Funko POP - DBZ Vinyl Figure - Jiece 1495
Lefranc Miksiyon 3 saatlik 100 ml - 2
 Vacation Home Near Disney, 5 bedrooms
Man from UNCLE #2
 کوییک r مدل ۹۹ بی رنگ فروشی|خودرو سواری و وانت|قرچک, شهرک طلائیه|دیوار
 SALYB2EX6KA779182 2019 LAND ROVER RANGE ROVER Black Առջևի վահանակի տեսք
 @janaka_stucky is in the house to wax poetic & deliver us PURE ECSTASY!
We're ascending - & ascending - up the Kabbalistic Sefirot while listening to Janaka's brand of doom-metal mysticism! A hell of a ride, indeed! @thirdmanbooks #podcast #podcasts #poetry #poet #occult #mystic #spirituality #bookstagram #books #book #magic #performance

§

WORK INSTRUCTIONS »
From the line containing "Man from UNCLE #2" to the last line of the material, please quote every line exactly and only those.

TASK RESPONSE »
Man from UNCLE #2
 کوییک r مدل ۹۹ بی رنگ فروشی|خودرو سواری و وانت|قرچک, شهرک طلائیه|دیوار
 SALYB2EX6KA779182 2019 LAND ROVER RANGE ROVER Black Առջևի վահանակի տեսք
 @janaka_stucky is in the house to wax poetic & deliver us PURE ECSTASY!
We're ascending - & ascending - up the Kabbalistic Sefirot while listening to Janaka's brand of doom-metal mysticism! A hell of a ride, indeed! @thirdmanbooks #podcast #podcasts #poetry #poet #occult #mystic #spirituality #bookstagram #books #book #magic #performance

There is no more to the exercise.